The latest print edition of the Economist has an article, 'The gated globe', which makes the case for increased globalisation and in particular for renewed liberalisation of international trade. All good.
Along the way the article mentioned an organisation called Global Trade Alert. I looked them up: their mission in life is "Independent monitoring of policies that affect world trade", and they do a fine job of it. It's a very interesting site.
I wondered, as you do, if I could break out how New Zealand was travelling in terms of liberalising or impeding global trade. And I could, using a box on the left of their home page, where you can 'Search [trade policy] measures by...'. I put 'New Zealand' in the 'Implementing jurisdiction' box, left everything else set to 'Any', and hit 'Search'.
I hoped and expected that we'd come out on the side of the angels. The answer is, we kinda did, sorta.

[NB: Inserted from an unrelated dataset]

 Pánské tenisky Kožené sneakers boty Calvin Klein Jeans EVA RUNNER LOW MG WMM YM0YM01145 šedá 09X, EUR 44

The search returned 12 results. Sadly, only two of them were liberalising. One was an APEC initiative in 2012 to reduce tariffs on a range of environmental goods (wind turbines, solar heaters and the like). The other was a unilateral initiative in 2011 to make business immigration a little easier.
That left 10 on the protectionist side of the ledger.
Six of them were anti-dumping measures, against Chinese preserved peaches, Chinese wire nails, Italian tomatoes, Malaysian galvanised wire (what's with the wire?), Spanish canned peaches (what's with the peaches?), and Thai plasterboard. Incidentally, there seem to be a few more that Global Trade Alert may have missed: on the 'Imported goods subject to duty' page of the MED website I found peaches, yet again, from Greece and South Africa; diaries, of all things, from China and Malaysia; hog bristle paintbrushes from China; and reinforcing steel bar and coil from Thailand.
The other four measures that Global Trade Alert reported were a mixed bag.
Two of them were GFC-response measures to guarantee the deposits and the wholesale funding of New Zealand financial institutions. Global Trade Alert put them in the bad column because they felt they discriminated in favour of New Zealand entities. That might be formally true, and probably undesirable, but I honestly don't believe there was a skerrick of protectionist intent behind either measure in the circumstances of the GFC, so I'm going to put those to one side.
The last two were a 2009 toughening of immigration law, making it harder for seasonal migrants to get in, and a 2012 amendment to the customs and excise legislation, introducing much higher penalties on importers for making "materially incorrect" entries on their import forms, with the maximum penalty going up from $50 to (wait for it) $10,000.
It's regrettable we've done any of this, but it's especially regrettable that we've made use of these anti-dumping measures. The MED's website says all the right things - its FAQ says "Trade remedy investigations ensure fair competition, and should not be seen as trade restrictions", and "There is a difference between imports that are low-cost and those that are dumped or subsidised. Anti-dumping or countervailing action does not remove a foreign producer's competitive advantage, and is not designed to prevent imports from any given country" - but the reality is that anti-dumping provisions have little underlying logic. They're on the same, generally shaky, ground as 'predatory pricing' cases are in a competition law context.
And even if they might be worthwhile in some situations (and I'd emphasise the 'if' and the 'might'), the regularity with which they are abused, as covert protectionism, outweighs any good they might do. And we should know: we've been on the receiving end of the abuse in the past, notably over kiwifruit exports to the US in the 1990s.
So I'm sorry to see us making regular use of them. I know, there aren't pages and pages of them, it's not the end of the world, these are relatively small niches, and you couldn't argue with a straight face that we are erecting Fortress New Zealand behind a barricade of anti-dumping duties. But even a few of them are in my view a few too many.
You might wonder why I summarised our overall position as 'sorta' on the side of the free trade angels, since we haven't done much on the plus side of the ledger and an assortment of (admittedly modest scale) stuff on the wrong side.
That's because you haven't seen the scale of what other countries have been up to. Australia, for example, features 80 times in the Global Trade Alert database. Only 10 of the mentions are in the liberal column. The other 70 were on the protectionist side, including 34 anti-dumping cases.
So we're not perfect. But we're a great deal less imperfect than a lot of places.